**** Data ****

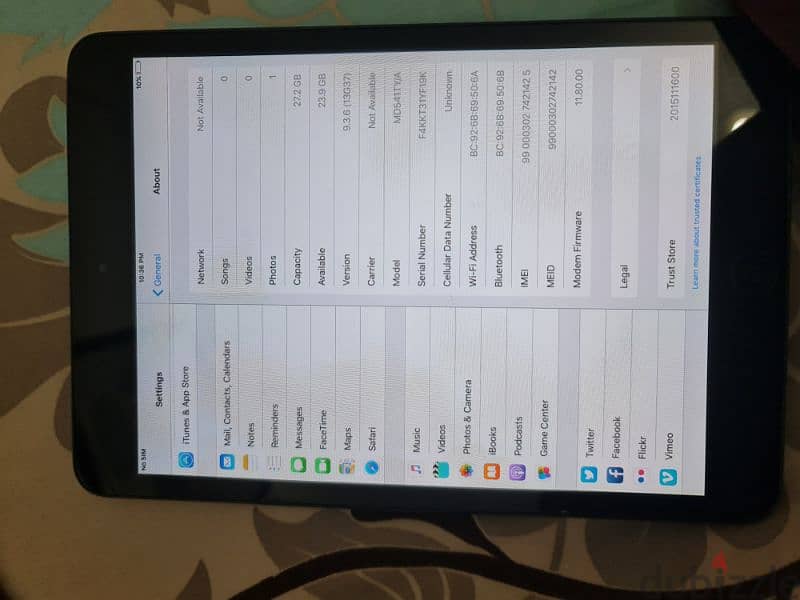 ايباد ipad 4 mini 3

****
**** Data ****

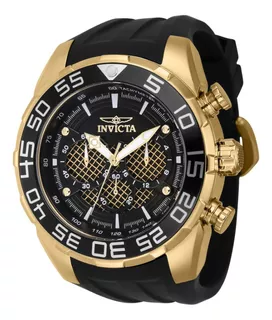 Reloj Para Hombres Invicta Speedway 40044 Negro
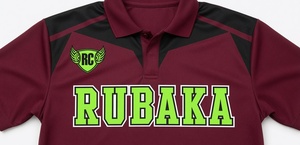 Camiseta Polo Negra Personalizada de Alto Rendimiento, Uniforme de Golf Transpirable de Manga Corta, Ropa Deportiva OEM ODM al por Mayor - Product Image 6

****

● **Required work**
Could the stretch from the line with "Reloj Para Hombres" through the line with "Camiseta Polo Negra" in the listing above be restated word for word, minus the pictures?

● **Finished exercise**
 Reloj Para Hombres Invicta Speedway 40044 Negro
 Camiseta Polo Negra Personalizada de Alto Rendimiento, Uniforme de Golf Transpirable de Manga Corta, Ropa Deportiva OEM ODM al por Mayor - Product Image 6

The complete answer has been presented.